Por el contrario, le molestaba que el arte no fuera popular, “porque los cuadros son muy caros en este sistema capitalista que vivimos”, refiriéndose lógicamente a las galerías. Algo que su joven amigo, “Chico” Toledo, sí pudo concretizar con la abundante gráfica que realizó en vida.
Aunque la política no era lo suyo en Rufino Tamayo, su obra “Niños Jugando con Fuego” (1947), hace una crítica “futurista” que nos habla de “un México corrupto, donde predominan la corrupción, el oportunismo y la impunidad, principalmente, por las clases dominantes”. Afirmaba.
Sin embargo, y a pesar de ser un triunfador ermitaño, él amaba su terruño. En cierta ocasión, cuando un grupo de estudiantes íbamos a terminar un curso en el Centro de Idiomas de Universidad “Benito Juárez” de Oaxaca (UABJO), le llamamos por teléfono para que fuera nuestro padrino de graduación. Me respondió su esposa Olga, “seguramente aceptará, porque nunca ha sido padrino de nada en Oaxaca, búsquenlo cuando vaya a la Guelaguetza”.
En otra ocasión, un compañero pintor, superando su timidez, le pidió un autógrafo, él gustoso accedió, aunque en realidad se le veía feliz porque en pocos minutos el gobierno de Oaxaca le iba a hacer un homenaje enfrente de la catedral, donde ya se encontraba un castillo de fuegos pirotécnicos coronado con su nombre, veía disimuladamente para todos lados, mientras Olga lo reconfortaba mientras plasmaba el autógrafo. “Ya ves, para que eres tan famoso”. Vale señalar, que después de su muerte, quizá en dos ocasiones más, se repitieron los homenajes al Maestro Tamayo. Para después archivarlo en el baúl político del olvido.

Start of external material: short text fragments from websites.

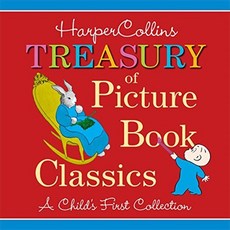 HarperCollins Treasury of Picture Book Classics Harpercollins Childrens Books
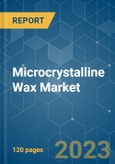 Microcrystalline Wax Market - Growth, Trends, COVID-19 Impact, and Forecasts (2023-2028)- Product Image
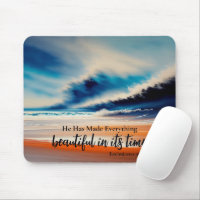 He Has Made Everything Beautiful Mouse Pad
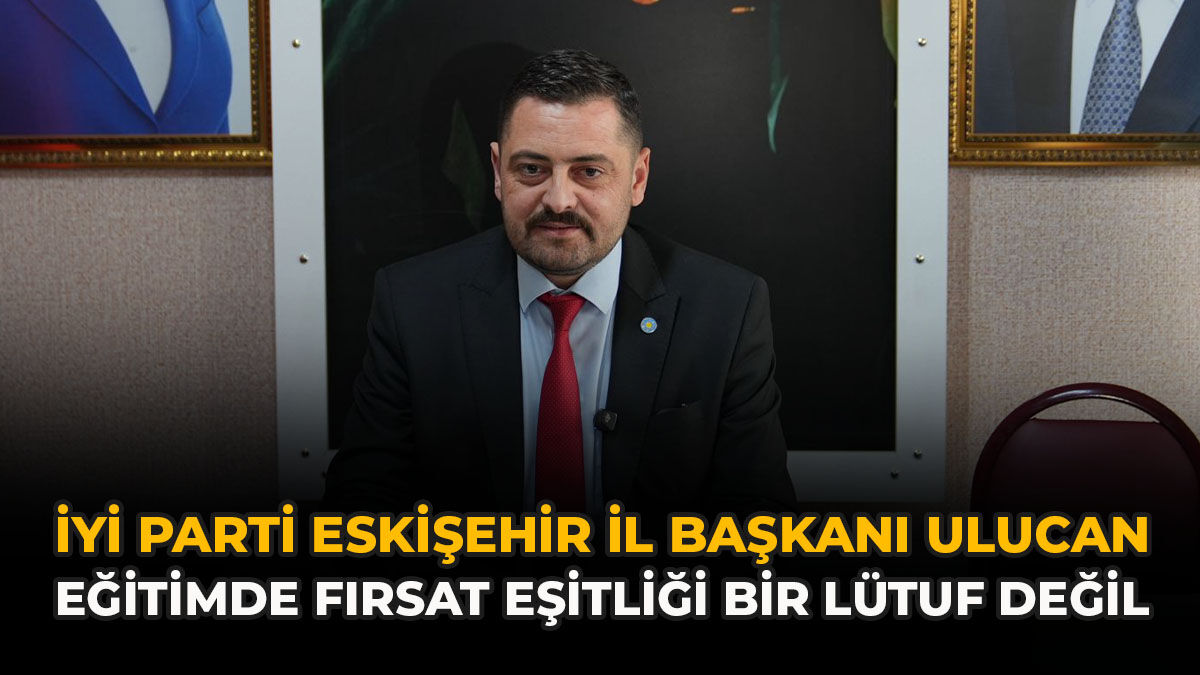 İYİ Parti Eskişehir İl Başkanı Ulucan: “Eğitimde Fırsat Eşitliği Bir Lütuf Değil”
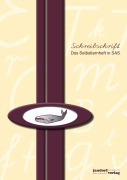 Titelbild für "Schreibschrift (SAS) - Das Selbstlernheft" von J. Debbrecht, P. Wachendorf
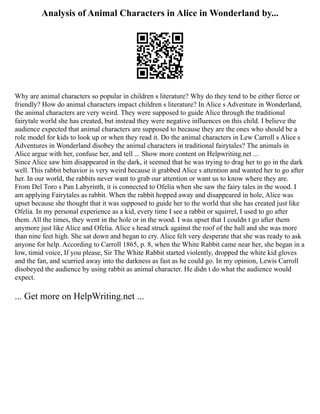 Analysis of Animal Characters in Alice in Wonderland by...
Why are animal characters so popular in children s literature? Why do they tend to be either fierce or
friendly? How do animal characters impact children s literature? In Alice s Adventure in Wonderland,
the animal characters are very weird. They were supposed to guide Alice through the traditional
fairytale world she has created, but instead they were negative influences on this child. I believe the
audience expected that animal characters are supposed to because they are the ones who should be a
role model for kids to look up or when they read it. Do the animal characters in Lew Carroll s Alice s
Adventures in Wonderland disobey the animal characters in traditional fairytales? The animals in
Alice argue with her, confuse her, and tell ... Show more content on Helpwriting.net ...
Since Alice saw him disappeared in the dark, it seemed that he was trying to drag her to go in the dark
well. This rabbit behavior is very weird because it grabbed Alice s attention and wanted her to go after
her. In our world, the rabbits never want to grab our attention or want us to know where they are.
From Del Toro s Pan Labyrinth, it is connected to Ofelia when she saw the fairy tales in the wood. I
am applying Fairytales as rabbit. When the rabbit hopped away and disappeared in hole, Alice was
upset because she thought that it was supposed to guide her to the world that she has created just like
Ofelia. In my personal experience as a kid, every time I see a rabbit or squirrel, I used to go after
them. All the times, they went in the hole or in the wood. I was upset that I couldn t go after them
anymore just like Alice and Ofelia. Alice s head struck against the roof of the hall and she was more
than nine feet high. She sat down and began to cry. Alice felt very desperate that she was ready to ask
anyone for help. According to Carroll 1865, p. 8, when the White Rabbit came near her, she began in a
low, timid voice, If you please, Sir The White Rabbit started violently, dropped the white kid gloves
and the fan, and scurried away into the darkness as fast as he could go. In my opinion, Lewis Carroll
disobeyed the audience by using rabbit as animal character. He didn t do what the audience would
expect.
... Get more on HelpWriting.net ...
 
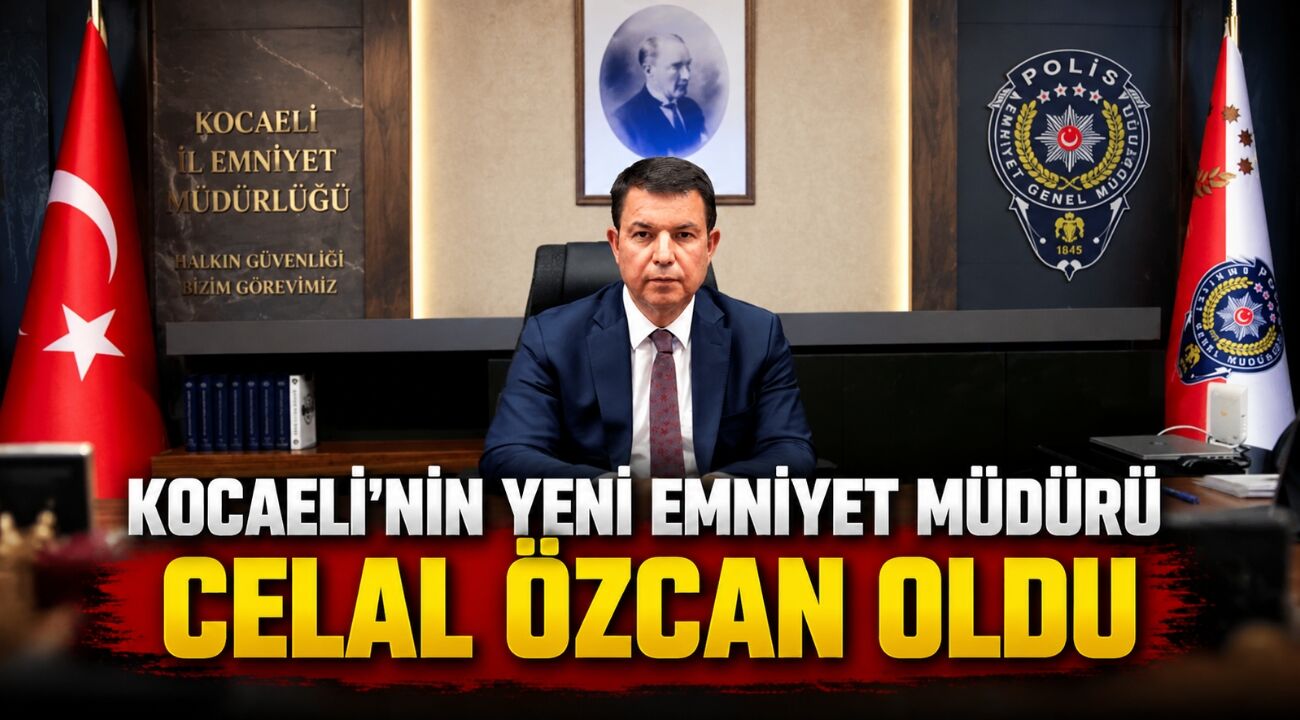 Kocaeli’nin Yeni Emniyet Müdürü Celal Özcan Oldu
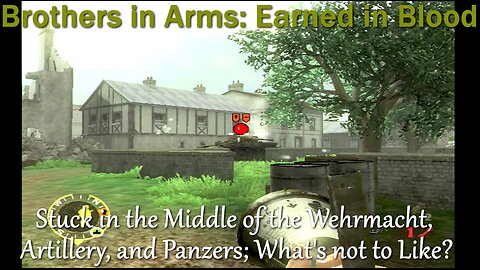 Brothers in Arms: Earned in Blood- OG Xbox- With Commentary- Close Quarters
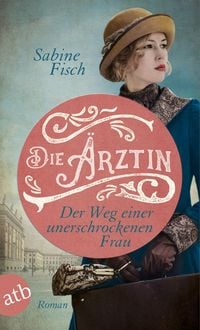 Produktbild: Die &Auml;rztin - Der Weg einer unerschrockenen Frau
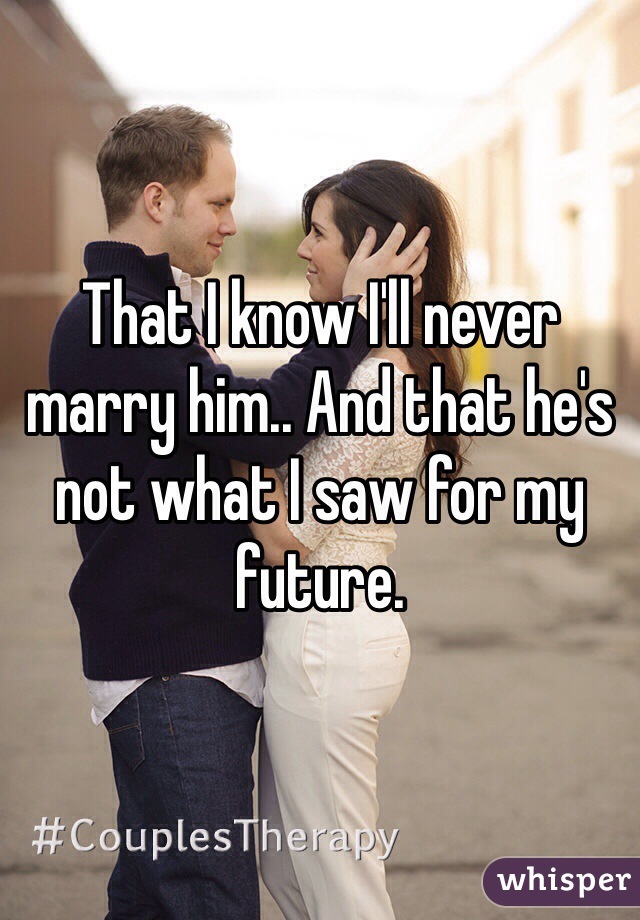 That I know I'll never marry him.. And that he's not what I saw for my future. 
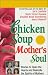 Books : Chicken Soup for the Mother's Soul: Stories to Open the Hearts and Rekindle the Spirits of Mothers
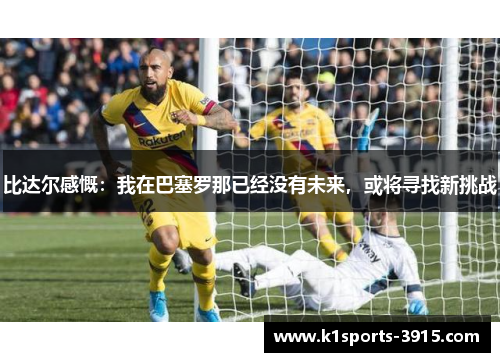 比达尔感慨：我在巴塞罗那已经没有未来，或将寻找新挑战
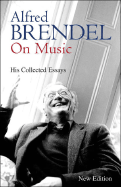 Alfred Brendel on Music: Collected Essays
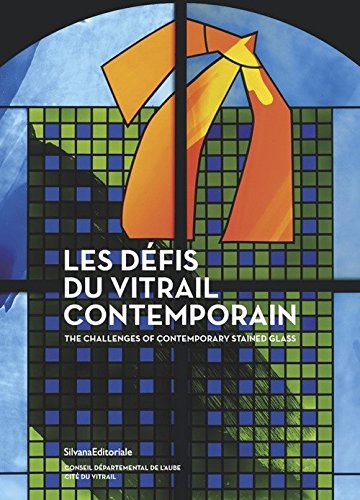 Les défis du vitrail contemporain : actes des Premières Rencontres internationales du vitrail contemporain, Cité du vitrail, Troyes, [20-21 novembre 2015]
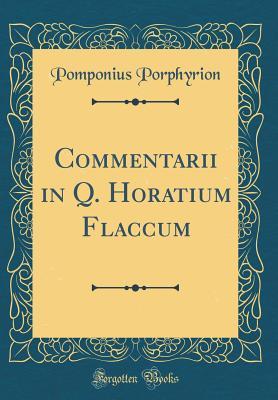 Read Online Commentarii in Q. Horatium Flaccum (Classic Reprint) - Pomponius Porphyrion file in PDF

“El Museo de Arte Prehispánico es un regalo que le hago a mi tierra, Oaxaca, y el Museo de Arte Contemporáneo en la ciudad de México, es para todo el país”. Sobre el Museo Prehispánico que lleva su nombre decía, “son piezas únicas”. Y en realidad, cuando vi por primera vez, unas piezas precolombinas haciendo el acto sexual, en un recinto que había sido El Palacio de la Santa Inquisición en la época colonial, me dio una “insana” alegría. “Justicia Divina” fue lo primero que se me ocurrió.
Al igual que Francisco Toledo, Rufino Tamayo sufrió la decepción de instituciones oaxaqueñas a las que sentían pertenecer y dieron todo lo que les fue posible, para el primero, la Coalición Obrero Campesina Estudiantil del istmo (COCEI), y para Rufino, la escuela de Bellas artes de la UABJO, donde fue prácticamente expulsado por la grilla de los maestros sindicalizados.
Otras obras conocidas a nivel mundial son:. “Fraternidad o El Fuego Creador” (1968), “Mural donado por el gobierno de México a la ONU”, y “Retrato de Olga” (1964), que, por cierto, cuando el pintor firmaba sus trabajos, plasmaba una O, en honor a su “media naranja”. Otras obras icónicas del legado tamayista son “Tres Personajes” (1970), y “Animales” (1941), pero hay muchas, muchas más con las que yo me quedaría.
En mil novecientos sesenta y cuatro en el vestíbulo Torres Bodet, del Museo Nacional de Antropología pintó el mural, “Dualidad”, a la edad de sesenta y cinco años. Los videos que se conservan, dan fe de la vitalidad que gozaba el maestro oaxaqueño. Esto se debía seguramente a su rigor, como el mismo aseguraba: “Trabajo ocho horas diarias, soy el pintor más disciplinado de México”.
Como en la poesía, Tamayo sabía plasmar esos dejá vú, que llevamos dentro, pero no podemos exteriorizarlos; ahora los “tamayitos”, abundan como los “tamales oaxaqueños” o el “queso Oaxaca”.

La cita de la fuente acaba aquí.